The curve in Theorem 3.1. Inset: close caption around zero, solid: initial condition, dotted: normal component of the velocity for the flat at infinity case, squared: normal component of the velocity for the confined case

In fact, one can find more striking behaviours if the expansion of \(RT(\alpha ,t)\) is done at higher order (at the price of higher complexity of the calculations).
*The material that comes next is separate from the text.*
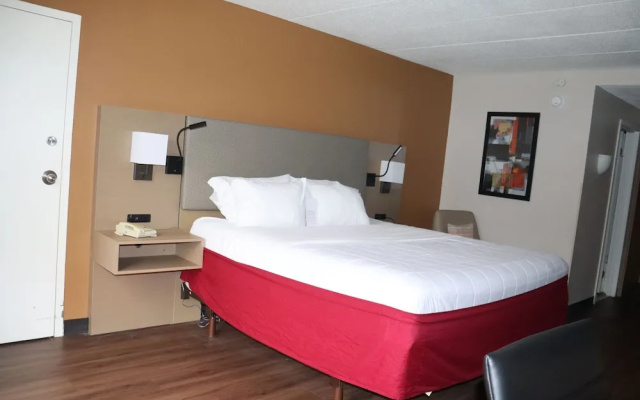 Ramada Lansing Hotel and Conference Center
The following Theorem was proved in [42]:

Theorem 3.2

There exist \(T>\gamma >0\) and a spatially analytic solution z to (3.5) on the time interval \([-T,T]\) such that \(z(\cdot ,t)\) is a graph of a smooth function of \(\alpha \) when \(|t|\in [T-\gamma ,T]\) (i.e., z is in the stable regime near \(t=\pm T\)) but \(z(\cdot ,t)\) is not a graph of a function of x when \(|t|\le \gamma \) (i.e., z is in the unstable regime near \(t=0\)).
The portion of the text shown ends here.